Polyhymno chionarcha

Scientific classification
- Kingdom: Animalia
- Phylum: Arthropoda
- Class: Insecta
- Order: Lepidoptera
- Family: Gelechiidae
- Genus: Polyhymno
- Species: P. chionarcha
- Binomial name: Polyhymno chionarcha Meyrick, 1913

= Polyhymno chionarcha =

- Authority: Meyrick, 1913

Species of moth

Polyhymno chionarcha is a moth of the family Gelechiidae. It was described by Edward Meyrick in 1913. It is found in Mozambique, Namibia, South Africa (KwaZulu-Natal, Gauteng, Mpumalanga, the Eastern Cape), Tanzania and Zimbabwe.

The wingspan is 9–11 mm.
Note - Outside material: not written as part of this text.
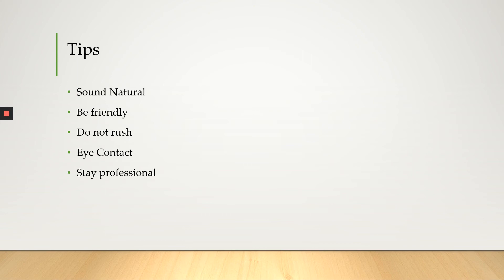All right, so now we're going to end with a couple of tips. So you want to sound natural. You want to be enthusiastic and not rehearsed and be friendly. So you don't want to talk in a robotic way. Don't forget to smile.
The forewings are shining white with an irregular blackish streak along the costa from the base to three-fourths, thickened near the base and towards the middle, terminated by an acutely angulated silvery-metallic transverse line running to the tornus, edged with blackish towards the tornus, the angle of this line filled by a fulvous spot preceded by two black marks. There is sometimes a small cloudy blackish spot on the dorsum before the middle. The area beyond this line is fulvous, on the costa blackish with two outwardly oblique white strigulae and one inwardly oblique. The hindwings are grey, more or less whitish tinged anteriorly.